Thursday, April 28, 2016

Monopolies in Multidistrict Litigation - Part II - Lead Lawyers as Settlement Gatekeepers

In my first post on Monopolies in Multidistrict Litigation, I noted that lead lawyers and defendants seem to benefit in tandem from the settlements they negotiate. This second post, Part II, explains how repeat players on both plaintiff and defense sides have perfected a fundamental shift in settlement design.  

As I elaborate on pages 19-21, the demise of the mass tort class action makes it more difficult for defendants to achieve holistic closure, for MDL settlements technically bind only those litigants before the court.  But defendants have been able to regain a greater degree of finality through a foundational shift in settlement construction: unlike traditional settlements between plaintiffs and defendants, all twelve deals in the dataset were agreements between lead lawyers and defendants.

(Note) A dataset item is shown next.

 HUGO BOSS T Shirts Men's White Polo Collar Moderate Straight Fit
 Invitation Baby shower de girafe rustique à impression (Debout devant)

As such, these deals position lead plaintiffs’ lawyers as settlement gatekeepers, for defendants will not make better offers to others without the threat of trial; doing so would work against their closure goal. These new deals then serve as a mandatory gateway for anyone wanting to settle, and typically require non-lead attorneys to become signatories alongside their clients. Accordingly, all master settlement agreements in the dataset aimed some provisions at plaintiffs’ attorneys and some at their clients. As a later post will explore, it's the provisions targeting plaintiffs' attorneys that raise the most ethical problems.

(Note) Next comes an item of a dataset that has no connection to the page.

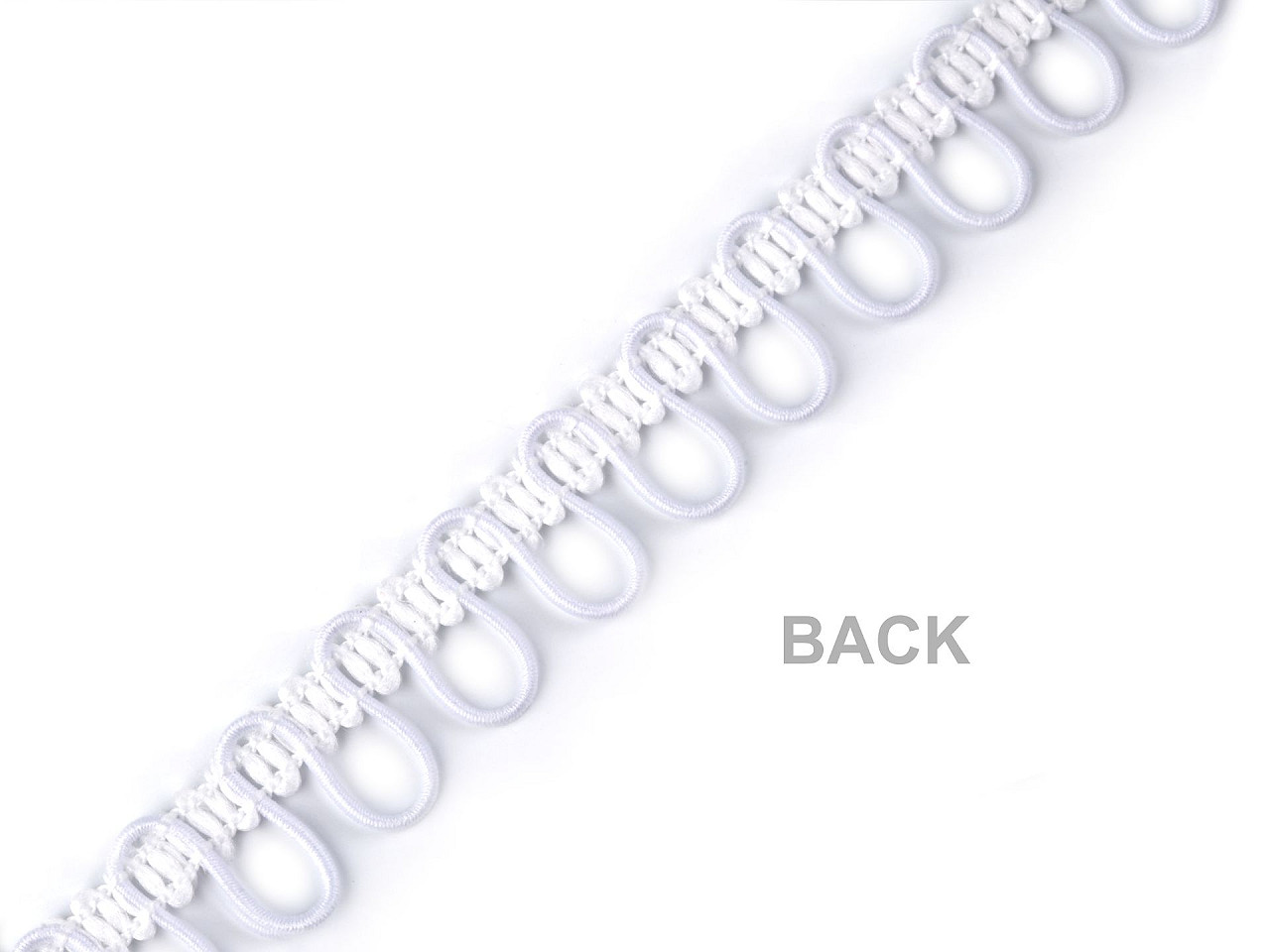 Bandă cu butoniere elastice, lățime 15 mm - Alb (1 Metru)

Making deals with plaintiffs’ attorneys masterfully furthers defendants’ end game in two ways.

First, the agreements impose uniform endorsement requirements on participating attorneys to discourage them from “cherry picking,” a practice in which lawyers settle most cases, but continue litigating those with the strongest claims or most sympathetic facts. By requiring a high percentage of plaintiffs to accept the settlement offer for it to take effect and insisting that individual attorneys recommend that all their clients settle (including clients who had not yet sued or who were pursuing relief elsewhere), defense attorneys essentially conditioned plaintiffs’ attorneys fees on achieving their closure aims.

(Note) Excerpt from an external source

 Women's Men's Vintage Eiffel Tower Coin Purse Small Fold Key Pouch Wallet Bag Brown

A plaintiff’s attorney is either “all in” and would collect significant contingent fees from all her settling clients, or “all out” and would have to spend significant resources litigating individual cases. As such, recommendation provisions alter the typical contingent fee model where an attorney’s recovery increases alongside her clients’ recovery and instead ties plaintiffs’ attorneys’ financial self-interest to each other and to the entire claimant base.

This shift also allows defendants to reach some plaintiffs who are outside of the federal court’s jurisdiction, and others who haven’t yet filed suit (through case census provisions - see pp. 27-29). It thereby recaptures some of the finality that class actions once offered through binding absent class members.

Second, when combined with the defendant's ability to walkaway from the deal if too few claimants consent to settle, provisions aimed at plaintiffs' attorneys (attorney-recommendation provisions, attorney' withdrawal provisions - see pp. 19-26)  collectively reduce the demand for legal representation.  The settlement effectively becomes the only “game” in town.

Like oligopolists, leaders are able to thwart competition and reduce demand by using attorney withdrawal and recommendation provisions to restrict the legal services market (at least for those with similar allegations against the same defendant). When defendants threaten to abandon the deal if too few plaintiffs participate, and participating attorneys must recommend the deal to all of their clients and withdraw from representing those who refuse, leaders can regulate the legal service being offered and control a sufficiently large share of that market

In this sense, master settlements can recreate bottleneck problems where dominant firms raise competitors’ costs by obtaining exclusionary rights; once defendants negotiate master settlements with plaintiffs’ leadership, that agreement typically becomes the only settlement option.